- **Collected data**
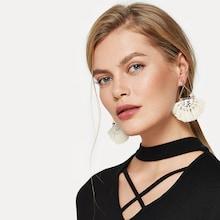 Shein Snakeskin Pattern Tassel Drop Earrings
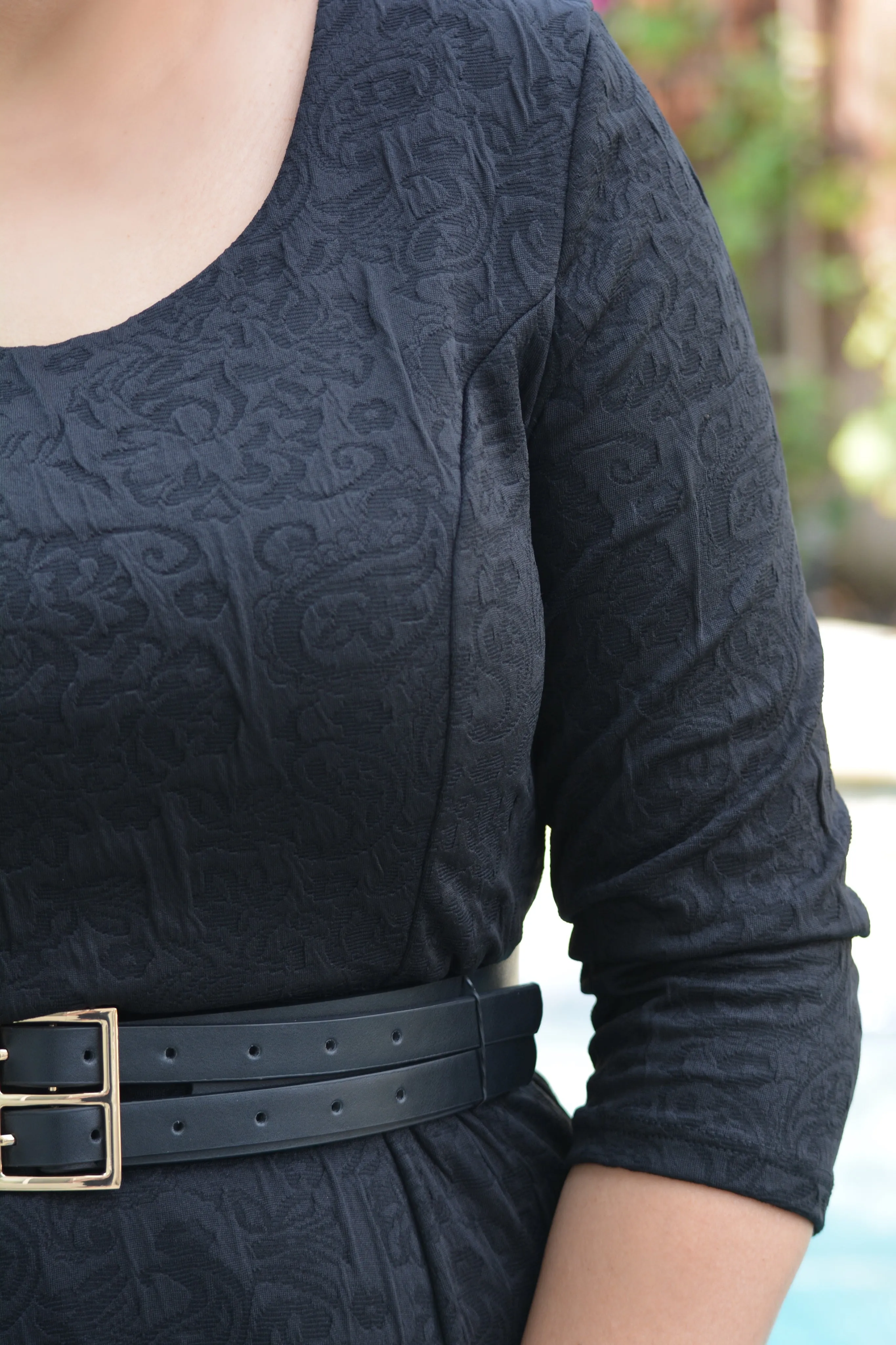 Winnie Black Midi Dress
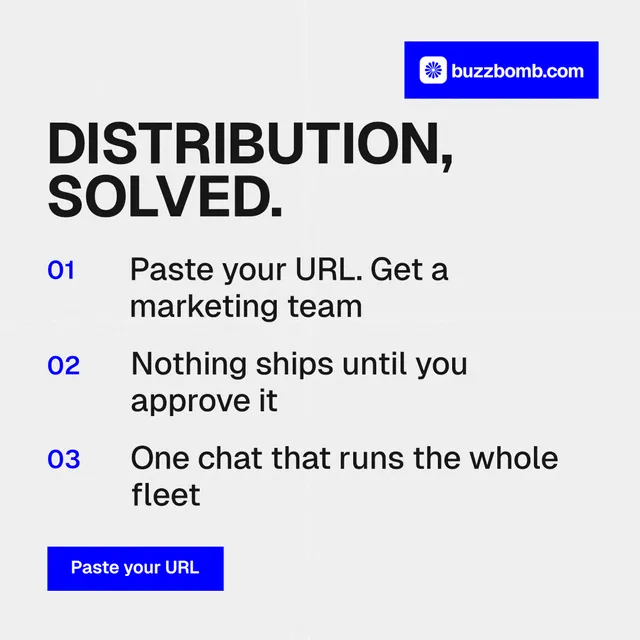 Instagram post for BuzzBomb: "Distribution, solved." Swiss style, numbered layout, light palette in white, blue.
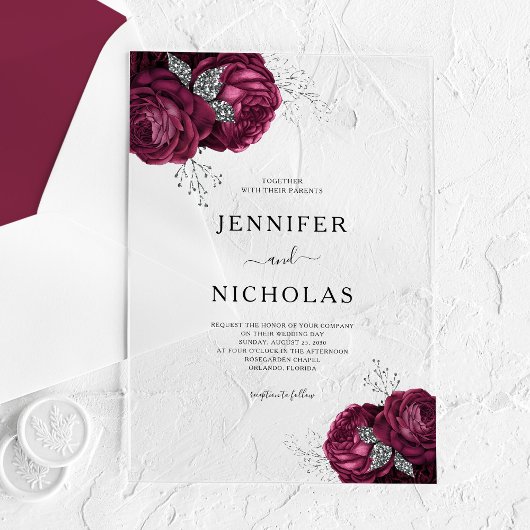 Elegant Burgundy Peonies Floral Wedding Acryl Uitnodigingen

- **Assignment**
Find the line that contains "Instagram post for". Copy it and every line after it through the end of the listing exactly, but not the pictures.

- **Finished task**
 Instagram post for BuzzBomb: "Distribution, solved." Swiss style, numbered layout, light palette in white, blue.
 Elegant Burgundy Peonies Floral Wedding Acryl Uitnodigingen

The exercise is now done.